What to produce => This task calls for the lines below starting at the one containing "Item preview, Oh" and ending at the one containing "Журнальный столик М-City", repeated exactly with both ends kept and pictures left out.

Dataset extract =>
== Segment start ==

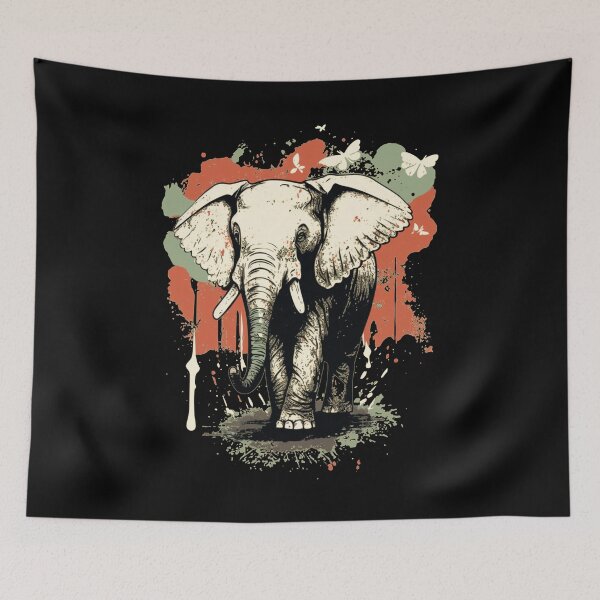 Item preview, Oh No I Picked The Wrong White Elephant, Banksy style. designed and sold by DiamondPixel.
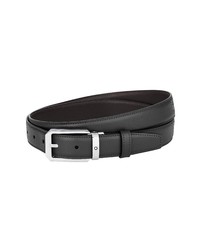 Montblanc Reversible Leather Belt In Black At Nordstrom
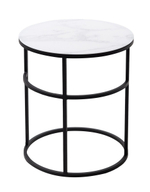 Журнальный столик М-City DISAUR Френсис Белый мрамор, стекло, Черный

== Segment end ==
== Segment start ==

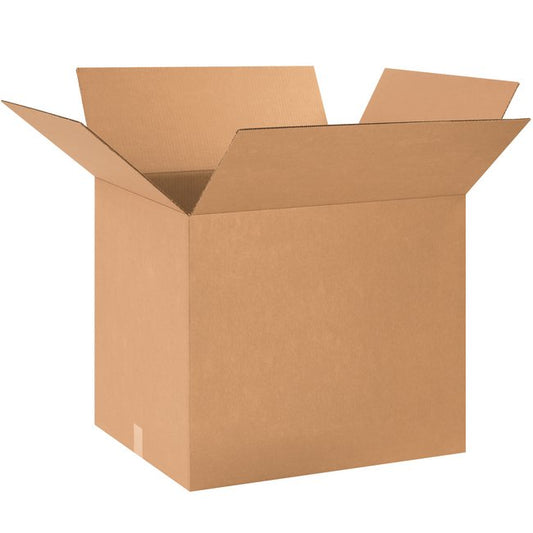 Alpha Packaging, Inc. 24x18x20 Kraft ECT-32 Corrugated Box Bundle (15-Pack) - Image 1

== Segment end ==
== Segment start ==

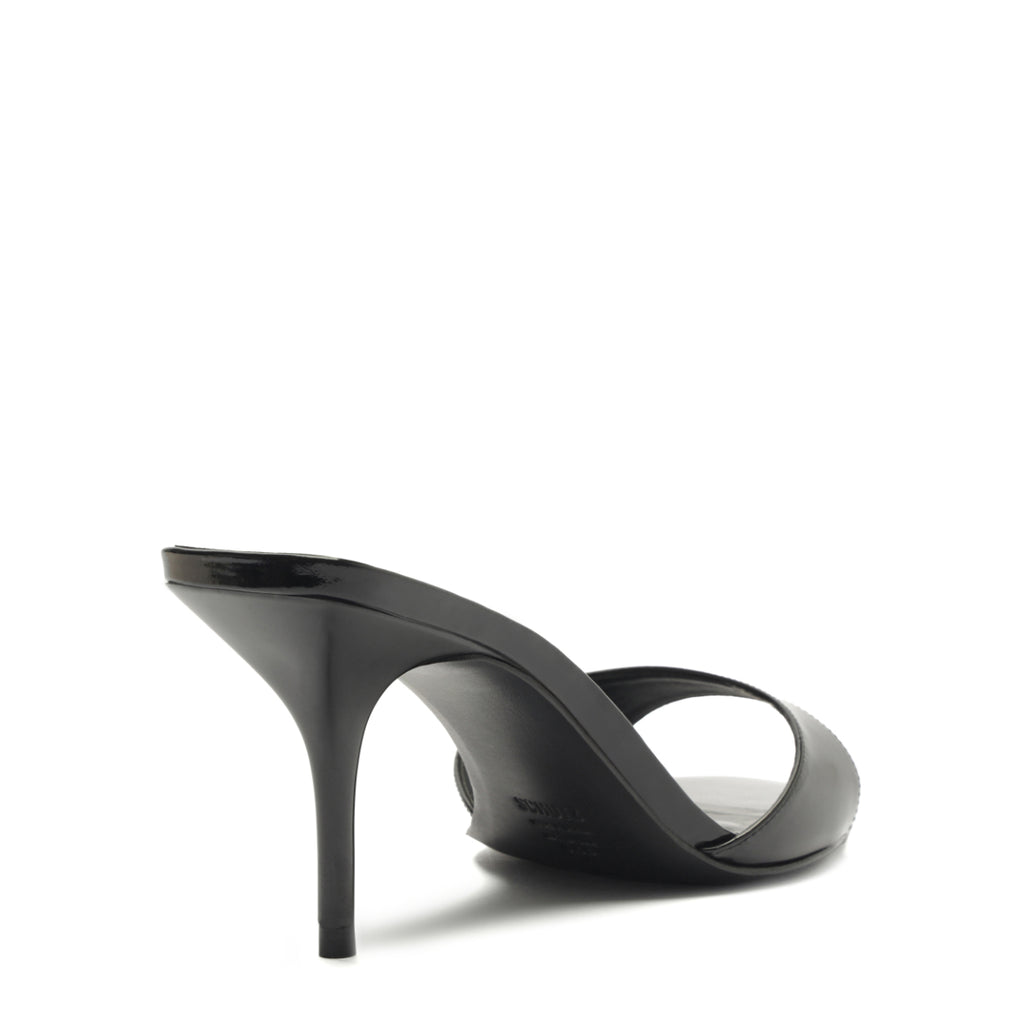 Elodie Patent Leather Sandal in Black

== Segment end ==

Written answer =>
 Item preview, Oh No I Picked The Wrong White Elephant, Banksy style. designed and sold by DiamondPixel.
 Montblanc Reversible Leather Belt In Black At Nordstrom
 Журнальный столик М-City DISAUR Френсис Белый мрамор, стекло, Черный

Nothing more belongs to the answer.